» Exercise data:

============================================================

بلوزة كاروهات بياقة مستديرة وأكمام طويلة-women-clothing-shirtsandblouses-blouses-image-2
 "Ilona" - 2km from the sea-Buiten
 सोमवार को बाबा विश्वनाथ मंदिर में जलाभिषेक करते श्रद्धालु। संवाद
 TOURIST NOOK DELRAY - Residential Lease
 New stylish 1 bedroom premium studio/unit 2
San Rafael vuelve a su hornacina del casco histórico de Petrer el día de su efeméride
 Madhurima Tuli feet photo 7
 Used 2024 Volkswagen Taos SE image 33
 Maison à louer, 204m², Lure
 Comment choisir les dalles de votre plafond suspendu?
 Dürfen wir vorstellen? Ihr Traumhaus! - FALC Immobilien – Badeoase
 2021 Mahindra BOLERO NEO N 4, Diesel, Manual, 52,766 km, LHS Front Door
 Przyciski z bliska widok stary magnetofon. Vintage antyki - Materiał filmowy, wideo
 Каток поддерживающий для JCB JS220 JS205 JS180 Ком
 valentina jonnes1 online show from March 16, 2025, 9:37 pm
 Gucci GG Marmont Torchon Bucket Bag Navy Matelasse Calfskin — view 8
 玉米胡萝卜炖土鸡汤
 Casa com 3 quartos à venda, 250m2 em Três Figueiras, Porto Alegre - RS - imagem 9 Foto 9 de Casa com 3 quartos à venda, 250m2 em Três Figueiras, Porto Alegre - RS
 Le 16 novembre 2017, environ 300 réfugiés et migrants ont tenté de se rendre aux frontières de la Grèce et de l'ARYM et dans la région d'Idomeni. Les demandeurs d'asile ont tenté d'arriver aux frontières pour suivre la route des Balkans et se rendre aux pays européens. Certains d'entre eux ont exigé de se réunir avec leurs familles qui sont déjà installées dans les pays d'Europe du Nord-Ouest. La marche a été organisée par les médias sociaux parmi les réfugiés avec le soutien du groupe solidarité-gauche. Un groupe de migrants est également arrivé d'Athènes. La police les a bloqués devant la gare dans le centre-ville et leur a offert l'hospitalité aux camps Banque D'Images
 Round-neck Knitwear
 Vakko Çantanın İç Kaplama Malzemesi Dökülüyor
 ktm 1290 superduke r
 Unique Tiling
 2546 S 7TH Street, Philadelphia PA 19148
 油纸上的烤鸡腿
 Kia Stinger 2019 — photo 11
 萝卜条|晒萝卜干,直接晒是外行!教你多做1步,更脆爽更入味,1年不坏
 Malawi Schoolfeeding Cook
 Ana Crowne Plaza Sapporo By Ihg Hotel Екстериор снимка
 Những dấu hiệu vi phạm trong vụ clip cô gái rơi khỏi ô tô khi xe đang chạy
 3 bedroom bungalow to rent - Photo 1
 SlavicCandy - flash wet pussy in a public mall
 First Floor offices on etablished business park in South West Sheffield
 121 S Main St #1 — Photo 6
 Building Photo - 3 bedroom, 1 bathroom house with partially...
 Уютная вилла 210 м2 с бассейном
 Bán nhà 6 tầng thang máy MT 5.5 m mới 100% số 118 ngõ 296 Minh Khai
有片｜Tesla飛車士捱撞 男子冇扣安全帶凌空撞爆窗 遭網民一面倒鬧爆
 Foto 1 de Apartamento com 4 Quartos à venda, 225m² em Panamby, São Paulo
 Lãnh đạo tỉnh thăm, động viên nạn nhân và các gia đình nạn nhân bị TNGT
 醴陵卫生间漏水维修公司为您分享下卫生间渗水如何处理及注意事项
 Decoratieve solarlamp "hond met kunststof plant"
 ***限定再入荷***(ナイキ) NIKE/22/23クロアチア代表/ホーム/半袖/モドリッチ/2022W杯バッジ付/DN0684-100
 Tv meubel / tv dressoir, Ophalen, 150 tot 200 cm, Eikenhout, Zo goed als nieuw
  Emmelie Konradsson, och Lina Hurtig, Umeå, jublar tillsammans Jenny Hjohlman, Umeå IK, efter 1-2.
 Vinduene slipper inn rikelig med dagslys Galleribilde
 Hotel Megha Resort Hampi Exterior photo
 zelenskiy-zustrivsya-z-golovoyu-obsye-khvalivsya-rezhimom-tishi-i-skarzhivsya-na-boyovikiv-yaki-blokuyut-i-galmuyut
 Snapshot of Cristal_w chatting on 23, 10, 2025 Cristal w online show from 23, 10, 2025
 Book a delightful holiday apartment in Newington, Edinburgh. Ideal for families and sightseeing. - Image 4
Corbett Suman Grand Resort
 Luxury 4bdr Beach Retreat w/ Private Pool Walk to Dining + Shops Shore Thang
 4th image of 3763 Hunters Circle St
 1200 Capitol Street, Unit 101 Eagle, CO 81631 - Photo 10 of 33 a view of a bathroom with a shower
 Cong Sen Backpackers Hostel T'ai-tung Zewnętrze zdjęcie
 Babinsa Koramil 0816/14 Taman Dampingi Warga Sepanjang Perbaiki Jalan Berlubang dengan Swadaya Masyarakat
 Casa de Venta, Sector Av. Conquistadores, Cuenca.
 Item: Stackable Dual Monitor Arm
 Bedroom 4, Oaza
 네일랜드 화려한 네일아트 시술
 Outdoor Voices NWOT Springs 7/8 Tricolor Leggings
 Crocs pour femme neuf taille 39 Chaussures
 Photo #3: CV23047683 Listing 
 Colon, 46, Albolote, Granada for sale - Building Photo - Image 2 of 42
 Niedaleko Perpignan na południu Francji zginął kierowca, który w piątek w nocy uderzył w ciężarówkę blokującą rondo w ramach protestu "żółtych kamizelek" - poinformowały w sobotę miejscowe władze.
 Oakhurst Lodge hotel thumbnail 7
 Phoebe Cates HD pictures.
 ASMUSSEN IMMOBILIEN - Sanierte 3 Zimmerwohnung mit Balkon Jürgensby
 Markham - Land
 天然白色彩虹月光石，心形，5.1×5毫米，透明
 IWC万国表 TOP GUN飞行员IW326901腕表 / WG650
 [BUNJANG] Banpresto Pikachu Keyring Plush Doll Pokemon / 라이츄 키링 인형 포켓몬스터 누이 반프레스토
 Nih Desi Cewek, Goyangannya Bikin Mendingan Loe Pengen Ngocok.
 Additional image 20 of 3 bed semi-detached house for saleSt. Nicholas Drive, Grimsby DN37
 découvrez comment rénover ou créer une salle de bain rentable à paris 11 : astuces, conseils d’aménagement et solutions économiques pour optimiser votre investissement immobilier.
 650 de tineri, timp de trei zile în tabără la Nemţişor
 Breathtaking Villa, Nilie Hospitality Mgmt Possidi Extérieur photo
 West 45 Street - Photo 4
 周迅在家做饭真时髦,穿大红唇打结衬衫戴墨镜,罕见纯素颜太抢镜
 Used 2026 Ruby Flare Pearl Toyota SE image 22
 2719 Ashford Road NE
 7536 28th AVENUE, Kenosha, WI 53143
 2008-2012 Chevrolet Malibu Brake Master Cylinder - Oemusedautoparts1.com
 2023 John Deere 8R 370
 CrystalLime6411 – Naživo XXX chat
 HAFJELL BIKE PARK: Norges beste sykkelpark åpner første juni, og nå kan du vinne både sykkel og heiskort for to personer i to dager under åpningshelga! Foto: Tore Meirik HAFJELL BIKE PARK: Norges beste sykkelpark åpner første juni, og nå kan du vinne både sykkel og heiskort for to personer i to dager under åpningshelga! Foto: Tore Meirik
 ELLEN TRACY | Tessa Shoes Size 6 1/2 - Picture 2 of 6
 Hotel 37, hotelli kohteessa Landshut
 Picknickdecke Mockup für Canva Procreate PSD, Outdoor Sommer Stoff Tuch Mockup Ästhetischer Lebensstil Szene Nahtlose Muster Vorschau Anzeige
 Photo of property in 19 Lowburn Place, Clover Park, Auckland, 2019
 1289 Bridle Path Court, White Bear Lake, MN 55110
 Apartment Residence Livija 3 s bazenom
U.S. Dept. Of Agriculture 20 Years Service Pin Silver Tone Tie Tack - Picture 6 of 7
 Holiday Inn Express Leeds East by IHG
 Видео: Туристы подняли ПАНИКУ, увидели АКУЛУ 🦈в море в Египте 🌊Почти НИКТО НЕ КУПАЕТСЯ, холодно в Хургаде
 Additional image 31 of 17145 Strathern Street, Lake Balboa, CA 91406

============================================================

» Exercise requirements: Emit, unaltered, the lines from the top of the listing down through the line that holds "Maison à louer, 204m², Lure"; emit nothing else.

» Solved exercise:
بلوزة كاروهات بياقة مستديرة وأكمام طويلة-women-clothing-shirtsandblouses-blouses-image-2
 "Ilona" - 2km from the sea-Buiten
 सोमवार को बाबा विश्वनाथ मंदिर में जलाभिषेक करते श्रद्धालु। संवाद
 TOURIST NOOK DELRAY - Residential Lease
 New stylish 1 bedroom premium studio/unit 2
San Rafael vuelve a su hornacina del casco histórico de Petrer el día de su efeméride
 Madhurima Tuli feet photo 7
 Used 2024 Volkswagen Taos SE image 33
 Maison à louer, 204m², Lure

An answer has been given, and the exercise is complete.